1.       In the Data Factory Editor, click … More on the command bar, and then click New pipeline.

2.       Replace the script in the Draft-1 window with the following script:

3.       The type property is set to HDInsightSpark.

4.       The rootPath is set to adfspark/SparkWordCount where adfspark is the Azure Blob container and SparkWordCount is folder in that container. In this example, the Azure Blob Storage is the one that is associated with the Spark cluster. You can upload the file to a different Azure Storage. If you do so, create an Azure Storage linked service to link that storage account to the data factory. Then, specify the name of the linked service as a value for the sparkJobLinkedService property.

5.       The entryFilePath is set to the WordCount-0.0.1-SNAPSHOT.jar, which is the spark program jar file.

6.       The getDebugInfo property is set to Always, which means the log files are always generated (success or failure).

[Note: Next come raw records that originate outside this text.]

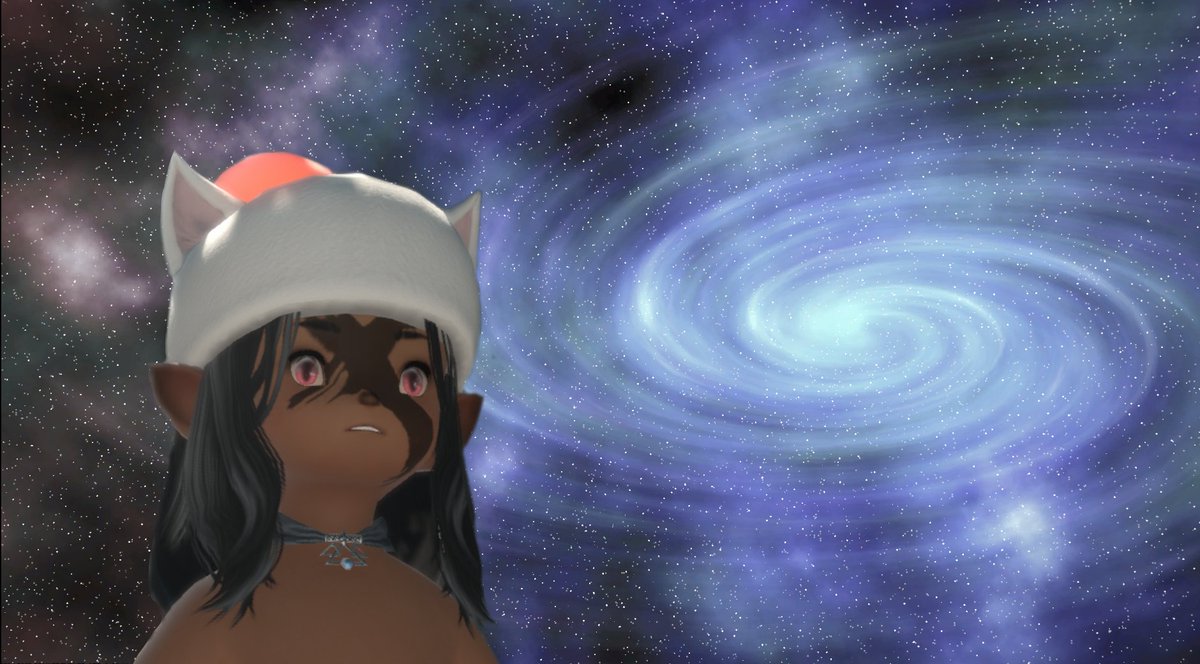 りんだまん (@Linda_077) / Posts / X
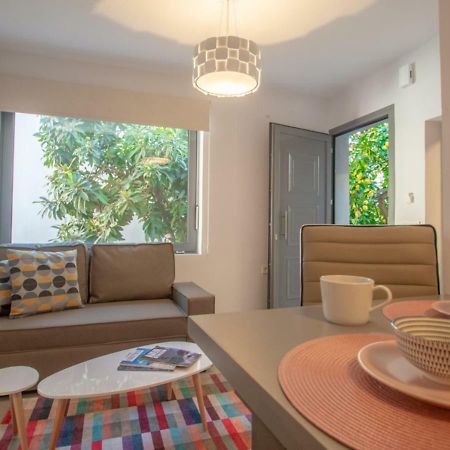Ithaka Zante City Villa By "Elite" מראה חיצוני תמונה
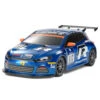 Tamiya VW Scirocco GT24-CNG R-Line (TT-01E) Bausatz #58508 -Tamico tamiya vw scirocco gt24 cng r line tt 01e bausatz 58508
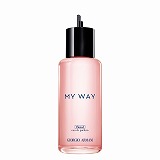 ジョルジオアルマーニ マイ ウェイ フローラル オードパルファム 150ml（リフィル）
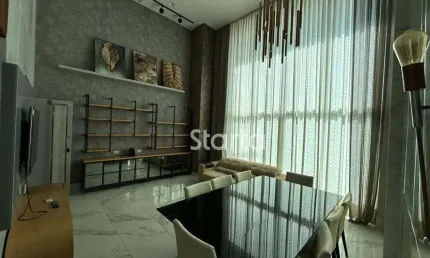 Apartamento com 3 quartos para alugar na Rua Professor Dias da Rocha, Meireles, Fortaleza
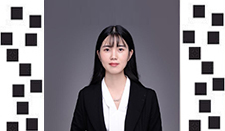 【顧問(wèn)風(fēng)采】?jī)?yōu)越專家組:想申請(qǐng)英國(guó)G5碩士？以EESC為例看看你是否達(dá)標(biāo)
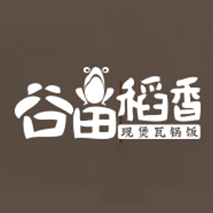 上海新田餐饮有限公司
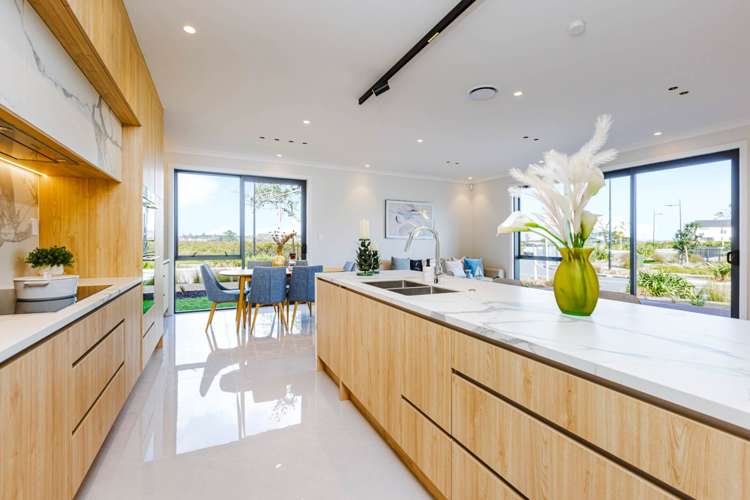 2 Seagreen Avenue Rosehill_24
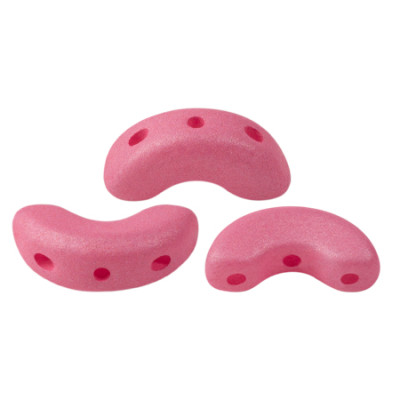 Arcos® par Puca® č. 267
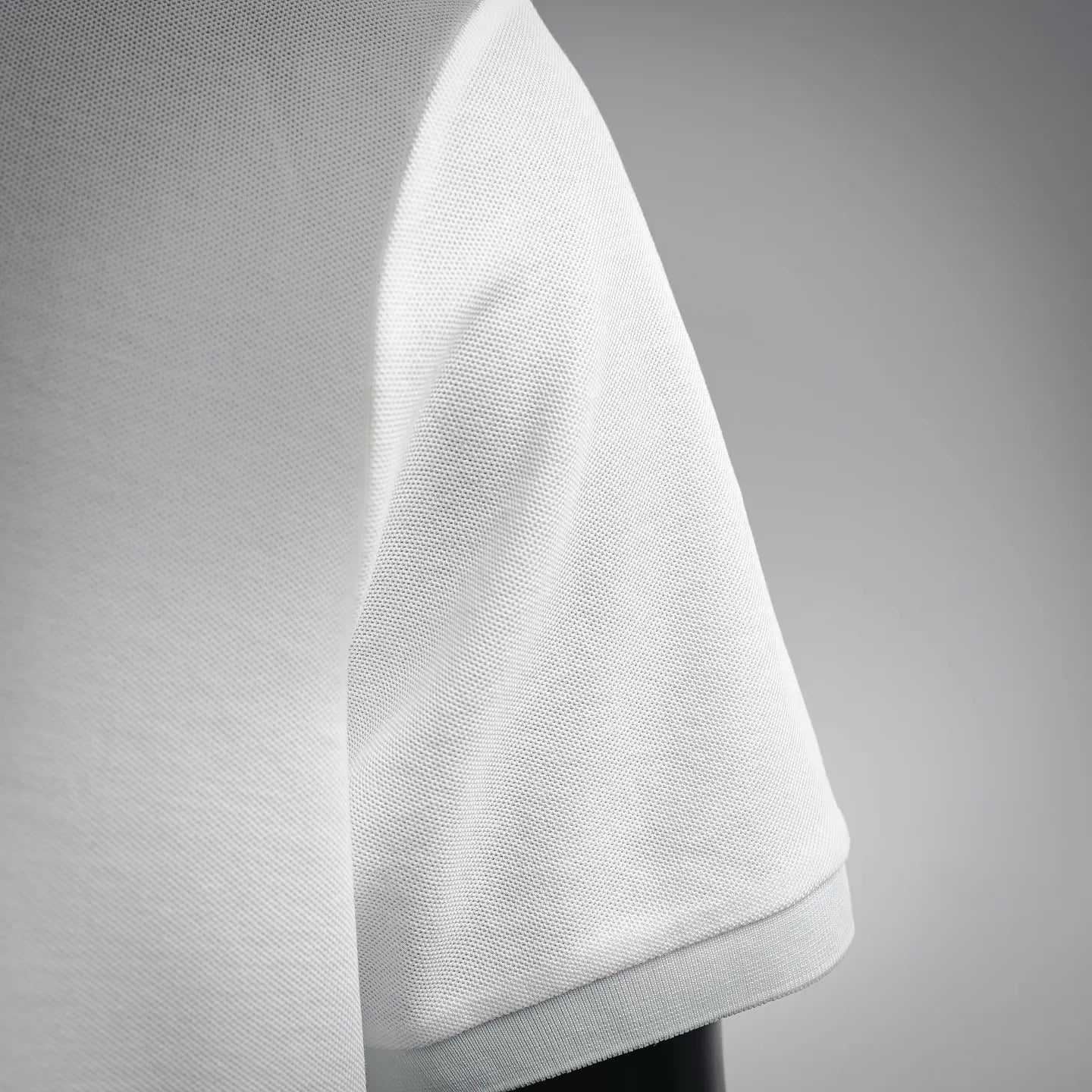 Clothes Ralph Lauren Short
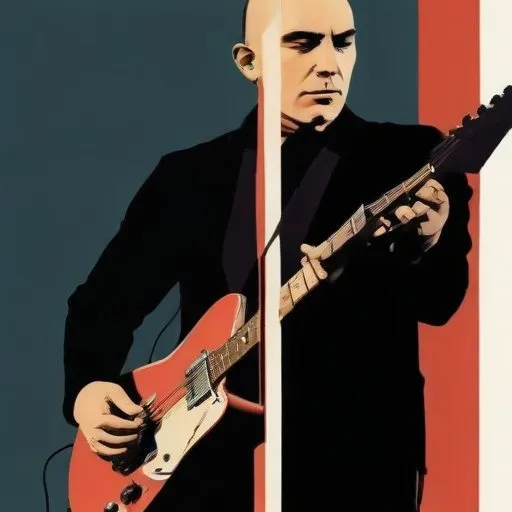 Peter Furler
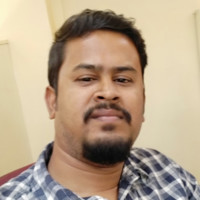 Satyajit Bose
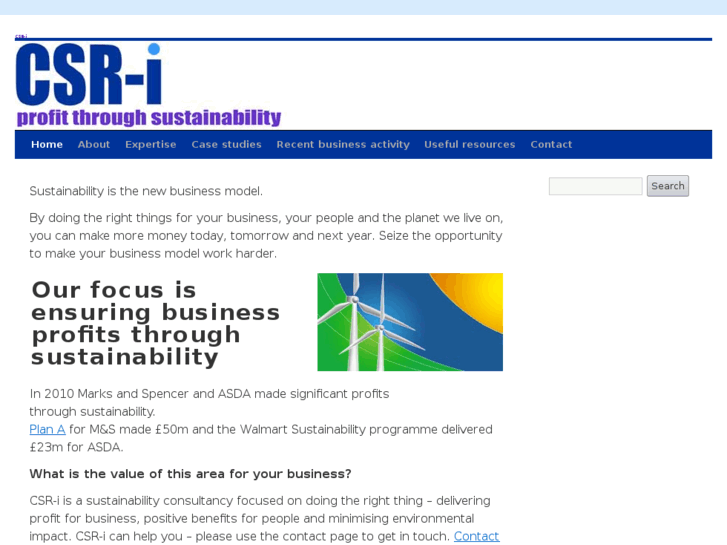 www.csr-i.org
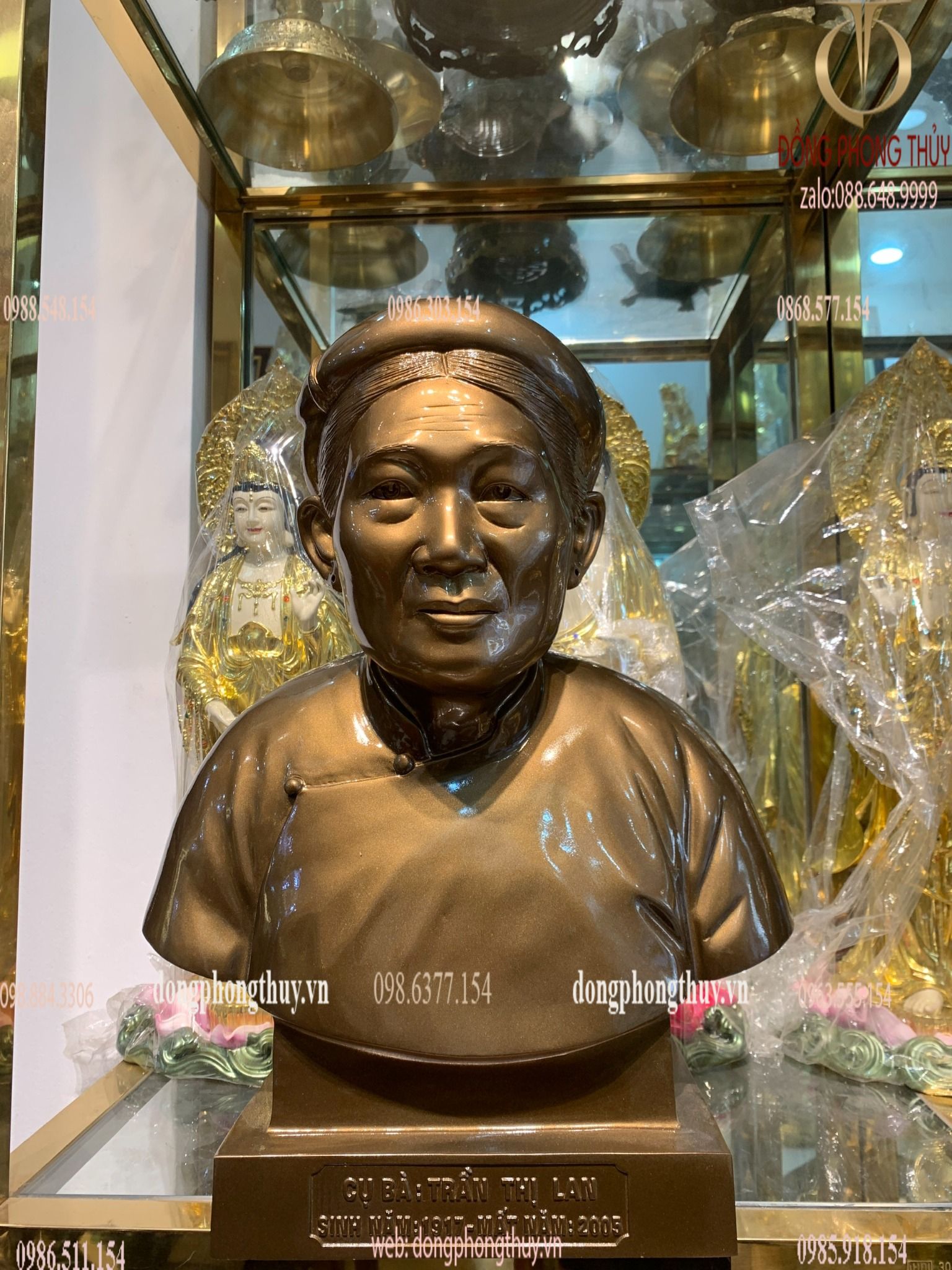 Hình ảnh sản phẩm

The outputs section has one output dataset. You must specify an output dataset even if the spark program does not produce any output. The output dataset drives the schedule for the pipeline (hourly, daily, etc.).

 

JSON Script ( WordCountPipeline)

 

{

    "name": "WordCountPipeline",

    "properties": {

        "activities": [

            {

                "type": "HDInsightSpark",

                "typeProperties": {

                    "rootPath": "adfspark/SparkWordCount",

                    "entryFilePath": "WordCount-0.0.1-SNAPSHOT.jar",

                    "arguments": [ "arg1", "arg2" ],

                    "sparkConfig": {

                        "spark.executor.memory": "512m"

                    },

                    "className": "wordcount.WordCount",

                    "getDebugInfo": "Always"

                },

                "outputs": [

                    {

                        "name": "WordCountOutputDataset"

                    }

                ],

                "scheduler": {

                    "frequency": "Day",

                    "interval": 1,

                    "offset": "15:25:00"

                },

                "name": "MySparkActivity",

                "description": "This activity invokes the Spark program",

                "linkedServiceName": "HDInsightLinkedService"

            }

        ],

        "start": "2017-05-23T15:24:00Z",

        "end": "2017-05-27T00:00:00Z",

        "isPaused": false,

        "pipelineMode": "Scheduled"

    }

}

Monitor pipeline

Click X to close Data Factory Editor blades and to navigate back to the Data Factory home page. Click Monitor and Manage to launch the monitoring application in another tab.